File name | Explanation |
---|---|
1ppe.hssp | Multiple sequence alignment download from the HSSP database |
1ppe.hssp.bz2 | HSSP MSA file compressed |
1ppe.pdb | PDB file download from the Protein Data Bank |
1ppe_E.pdb | 1ppe.pdb parsed to select only the given chain_id |
1ppe_E.rsa | SASA output of freesasa in NACCESS format of 1ppe_E.pdb file |
1ppe_E.fasta | Sequence of 1ppe_E.pdb. Alternative residues have been removed |
1ppe_E.phylseq | MSA file translated from HSSP to PHYLIP format |
1ppe_E.conv | PDB residue numeration to FASTA sequence numeration |
1ppe_E.out | Output of the protdist software on 1ppe_E.pdb |
1ppe_E.sur | >15 % surface residue list according to sa_pred_cutoff cutoff |
1ppe_E.suract | >40 % surface residue list according to sa_act_cutoff cutoff |
1ppe_E.lac | 0-15 % accessible residue list |
WHISCY needs four input files (generated before):
surface_list (.sur)
: List of residues in the interface.conversion_table (.conv)
,represents the mapping of the PDB file residue numeration into the FASTA sequence numerationalignment_file (.phylseq)
is the MSA file in PHYLIP formatdistance_file (.out)
is the output of Protdist software
$ whiscy 1PPE_E.sur 1PPE_E.conv 1PPE_E.phylseq 1PPE_E.out -o 1PPE_E.cons
whiscy [INFO] Parsing surface list...
whiscy [INFO] Loading conversion table...
whiscy [INFO] Converting...
whiscy [INFO] Initializing score calculation...
whiscy [INFO] Calculating scores...
whiscy [INFO] Subtracting average value ...
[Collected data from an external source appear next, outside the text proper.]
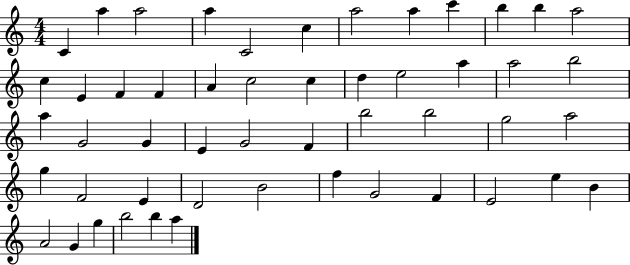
{
  \clef treble
  \numericTimeSignature
  \time 4/4
  \key c \major
  c'4 a''4 a''2 | a''4 c'2 c''4 | a''2 a''4 c'''4 | b''4 b''4 a''2 | \break c''4 e'4 f'4 f'4 | a'4 c''2 c''4 | d''4 e''2 a''4 | a''2 b''2 | \break a''4 g'2 g'4 | e'4 g'2 f'4 | b''2 b''2 | g''2 a''2 | \break g''4 f'2 e'4 | d'2 b'2 | f''4 g'2 f'4 | e'2 e''4 b'4 | \break a'2 g'4 g''4 | b''2 b''4 a''4 | \bar "|."
}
whiscy [INFO] Sorting scores...
whiscy [INFO] Writing scores...
whiscy [INFO] Prediction written to 1PPE_E.cons
"I’m on a whisky diet. I’ve lost three days already."
- Tommy Cooper
The file 1PPE_E.cons
will contain the initial predictions, but we can improve them by adding the interface propensities and smoothing the surface.
$ head 1PPE_E.cons
0.10595 N25
0.10595 N72
0.10595 N74
0.10595 N79
0.10595 N100
0.10595 N179
0.10572 N95
0.10572 N115
0.10446 S37
0.10446 S49
$ whiscy_consadjust 1PPE_E.cons -o 1PPE_E.acons
consadjust [INFO] Reading input files
consadjust [INFO] Subtracting average value...
consadjust [INFO] Sorting scores...
consadjust [INFO] Writing scores...
$ whiscy_resdist 1PPE_E.pdb 1PPE_E.conv 1PPE_E.rd
residue_distance [INFO] Reading conversion table
residue_distance [INFO] Reading PDB structure from 1PPE_E.pdb
residue_distance [INFO] Residue distances written to 1PPE_E.rd
$ whiscy_parasmooth 1PPE_E.acons 1PPE_E.cons 1PPE_E.rd -o 1PPE_E.pscons
parasmooth [INFO] Reading input files
parasmooth [INFO] Calculating parameter smoothing
parasmooth [INFO] Result written to 1PPE_E.pscons
1PPE_E.pscons
will contain the final predictions! 🎉
head 1PPE_E.pscons
0.16475 V75
0.14702 I73
0.14633 L114
0.14547 F82
0.14297 V76
0.12907 R117
0.12127 Q81
0.11694 N115
0.11630 N72
0.11512 N25
You can visualize the predictions in the input structure using whiscy_bfactor
, this script will add the WHISCY scores to the B-factor column of the PDB file.
$ whiscy_bfactor 1PPE_E.pdb 1PPE_E_whiscy.pdb 1PPE_E.pscons
1PPE_E_whiscy.pdb PDB file with WHISCY scores in B-factor column has been created
Now open the structure in your favorite molecular viewer and check the WHISCY scores in the B-factor column.